Cyber Incident Victim: Accademia della Crusca
Date:
Jun 2015
Location:
Italy
Summary
The Accademia della Crusca's website was compromised by hackers affiliated with ISIS, who defaced it with the group's propaganda symbols, a video depicting injured children, and threatening messages including "I love Islamic State!" and anti-Western rhetoric. The attackers, identifying as "Phenomene dz" and claiming to be "Islamic state hacker" on Twitter, framed the intrusion as retaliation against Western governments. Investigators linked this to a pattern of similar low-sophistication cyberattacks in Tuscany targeting weakly protected websites, including a regional political party and a school, attributing them to international hacker collectives rather than focused campaigns.
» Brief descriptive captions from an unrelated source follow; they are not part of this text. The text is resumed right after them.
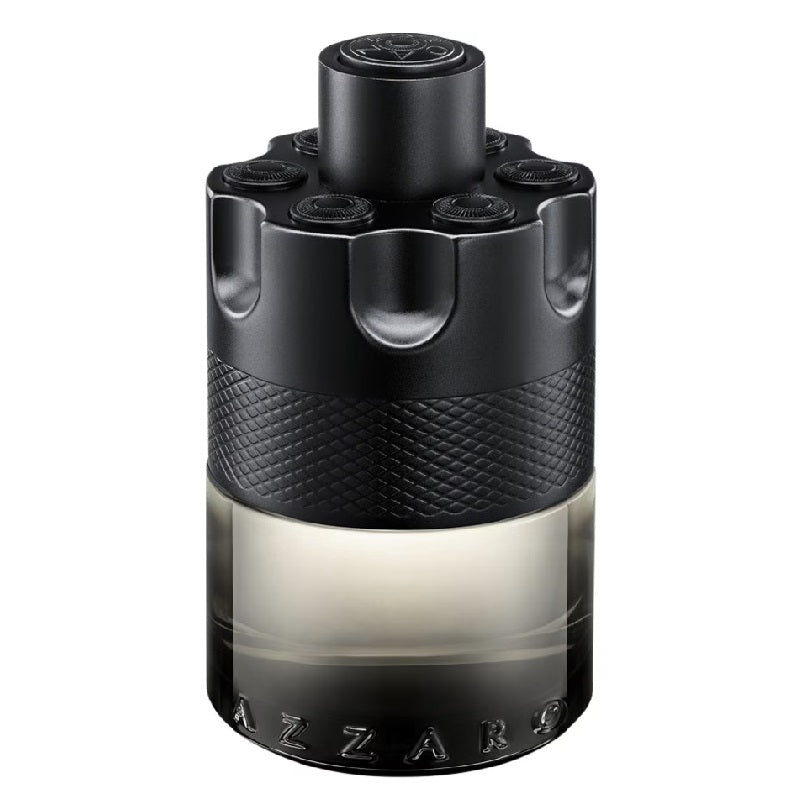 Black Azzaro cologne bottle on a white background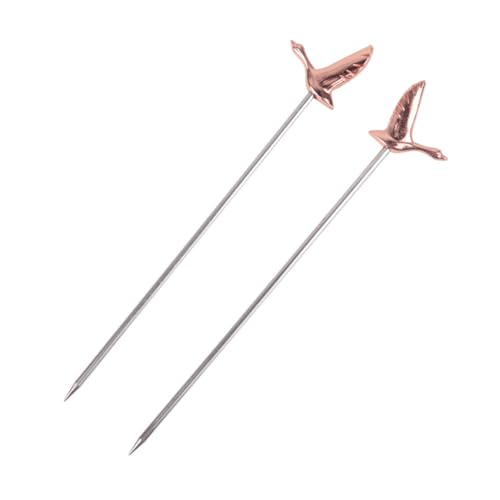 ROMISBABA 5 Stück Teiliges Edelstahl Cocktailspieße in Gänseform Rostfreie Obst und Salatgabeln Vielseitige Fingerfood Picks für Party Bar und Zuhause Roségold Finish von ROMISBABA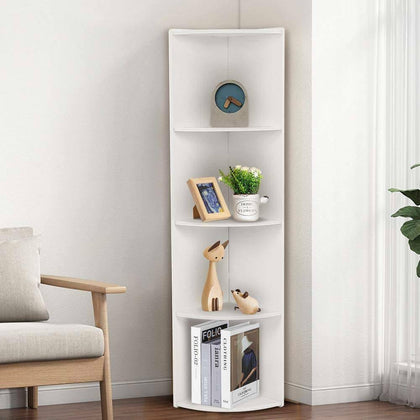 Modern 4-Tier Corner Bookcase Shelf Unit Display Storage Shelves Living Room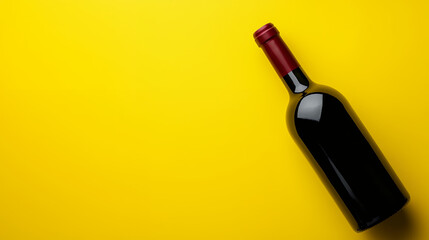 wine on yellow background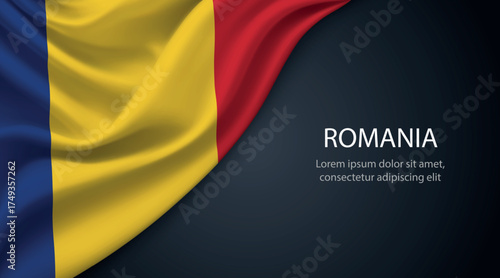 Romania national flag with smooth fabric texture background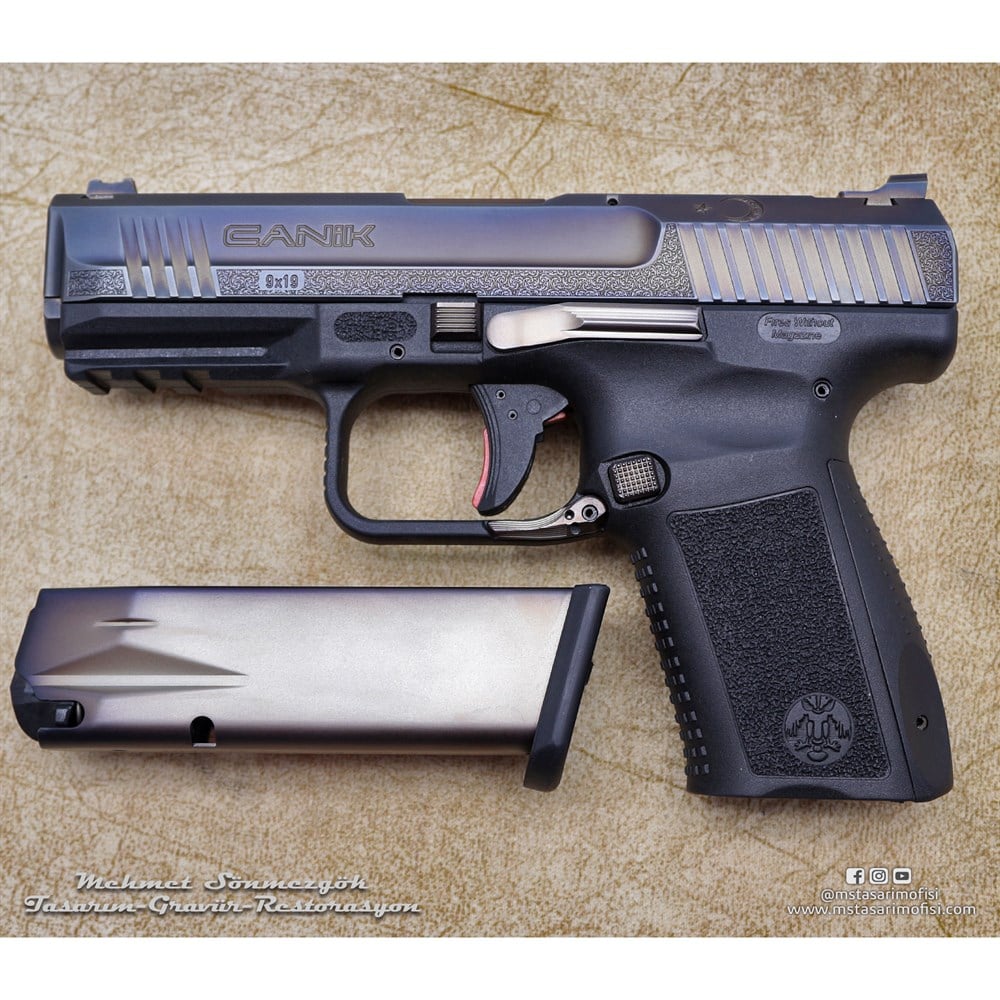 Canik TP9 Elite Gravür // Yanaklar Gravür,3D Ay Yıldız Markalama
Security forces confirmed no direct targeting of the victim institutions in these incidents.
| CIA Posture | Motives | Tactics, Techniques & Procedures |
|---|---|---|
| Available to members | 1 motive | 2 techniques |
| Threat Actor | Type | Location |
|---|---|---|
| 1 actor | Available to members | Available to members |
Description
On June 23, 2015, the website of Italy's Accademia della Crusca, a prominent institution for Italian language studies, was compromised by hackers affiliated with the Islamic State (ISIS). The attackers defaced the site with ISIS propaganda, including the group's symbols, a video featuring images of injured children, and the statement "I love islamic state!" in Italian. An English-language message accompanied the defacement, accusing Western governments of terrorism through military actions in Muslim-majority regions while framing ISIS as defenders. The message concluded with a threat: "This war is just begun... and it will be for us Insha Allah." The hacker group "Phenomene dz," self-identified on Twitter as "Islamic state hacker," claimed responsibility for the attack. The breach occurred during the afternoon of June 22, as reported by local newspaper La Nazione, with the website restored to normal functionality by the morning of June 23.

This incident formed part of a broader pattern of cyberattacks across Tuscany targeting entities with minimal cybersecurity protections, including the regional Democratic Party (PD) website and an unspecified school. Italian law enforcement agencies DIGOS (Divisione Investigazioni Generali e Operazioni Speciali) and Polposta (Postal Police) investigated these incidents, assessing them as untargeted operations rather than deliberate assaults on specific organizations. Investigators attributed the attacks to international hacker collectives distributing automated exploit tools designed to identify and compromise vulnerable websites indiscriminately, described as operating like a "dragnet." No technical details regarding the attack vector, data compromise, or remediation efforts by the Accademia della Crusca were disclosed in available reporting. The defacement primarily served as a propaganda vehicle, with no evidence suggesting data theft, service disruption beyond the temporary site takeover, or direct references justifying the selection of the linguistic institution as a target.